=== Problem ===
Which lines run from the start of the data below to the line containing "Comfortable bedroom featuring"? Set them down exactly, with none added.

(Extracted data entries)
————————

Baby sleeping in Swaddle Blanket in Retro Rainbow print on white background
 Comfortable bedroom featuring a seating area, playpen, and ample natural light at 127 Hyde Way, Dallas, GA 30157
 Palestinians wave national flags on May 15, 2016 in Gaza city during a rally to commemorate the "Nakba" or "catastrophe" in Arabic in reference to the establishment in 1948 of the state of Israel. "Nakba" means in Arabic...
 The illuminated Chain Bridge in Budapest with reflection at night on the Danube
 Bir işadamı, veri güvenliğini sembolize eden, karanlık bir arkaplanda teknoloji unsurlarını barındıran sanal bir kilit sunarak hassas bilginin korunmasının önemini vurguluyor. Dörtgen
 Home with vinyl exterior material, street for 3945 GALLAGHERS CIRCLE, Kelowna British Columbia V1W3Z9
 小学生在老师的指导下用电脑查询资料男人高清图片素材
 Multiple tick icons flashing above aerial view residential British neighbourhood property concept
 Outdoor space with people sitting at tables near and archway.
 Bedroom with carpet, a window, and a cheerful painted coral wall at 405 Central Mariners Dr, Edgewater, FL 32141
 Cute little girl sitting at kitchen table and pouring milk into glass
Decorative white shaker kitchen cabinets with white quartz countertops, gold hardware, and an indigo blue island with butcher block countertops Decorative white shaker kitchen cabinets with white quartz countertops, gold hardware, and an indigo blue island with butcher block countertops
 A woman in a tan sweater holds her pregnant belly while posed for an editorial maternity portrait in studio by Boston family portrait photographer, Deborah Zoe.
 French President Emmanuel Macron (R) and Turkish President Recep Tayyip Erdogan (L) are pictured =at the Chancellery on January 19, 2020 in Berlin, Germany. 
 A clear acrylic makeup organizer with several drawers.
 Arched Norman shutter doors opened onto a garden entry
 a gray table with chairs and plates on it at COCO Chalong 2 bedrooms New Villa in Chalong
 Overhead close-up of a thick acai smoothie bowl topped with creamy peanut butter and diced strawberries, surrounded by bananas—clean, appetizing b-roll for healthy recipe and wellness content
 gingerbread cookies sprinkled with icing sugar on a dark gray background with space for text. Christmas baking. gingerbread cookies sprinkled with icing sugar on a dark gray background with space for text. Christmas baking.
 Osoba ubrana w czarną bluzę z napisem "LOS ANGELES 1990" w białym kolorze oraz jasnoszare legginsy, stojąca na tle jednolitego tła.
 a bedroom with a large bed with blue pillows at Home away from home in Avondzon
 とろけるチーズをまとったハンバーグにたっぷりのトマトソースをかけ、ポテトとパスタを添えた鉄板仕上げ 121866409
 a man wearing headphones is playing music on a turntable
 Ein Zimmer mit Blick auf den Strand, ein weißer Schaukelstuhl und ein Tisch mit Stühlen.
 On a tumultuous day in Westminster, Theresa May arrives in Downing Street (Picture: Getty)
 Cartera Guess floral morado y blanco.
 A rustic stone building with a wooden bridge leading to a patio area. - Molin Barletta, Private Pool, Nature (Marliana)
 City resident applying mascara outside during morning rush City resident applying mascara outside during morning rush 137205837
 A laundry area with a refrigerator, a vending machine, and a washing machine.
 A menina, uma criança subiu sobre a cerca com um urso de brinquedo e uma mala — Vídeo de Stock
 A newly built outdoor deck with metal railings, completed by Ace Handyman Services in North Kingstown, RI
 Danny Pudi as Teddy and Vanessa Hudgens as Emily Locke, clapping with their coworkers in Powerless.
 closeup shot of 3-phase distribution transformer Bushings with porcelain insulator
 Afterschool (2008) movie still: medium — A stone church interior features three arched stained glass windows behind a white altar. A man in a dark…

————————

=== Output of the exercise ===
Baby sleeping in Swaddle Blanket in Retro Rainbow print on white background
 Comfortable bedroom featuring a seating area, playpen, and ample natural light at 127 Hyde Way, Dallas, GA 30157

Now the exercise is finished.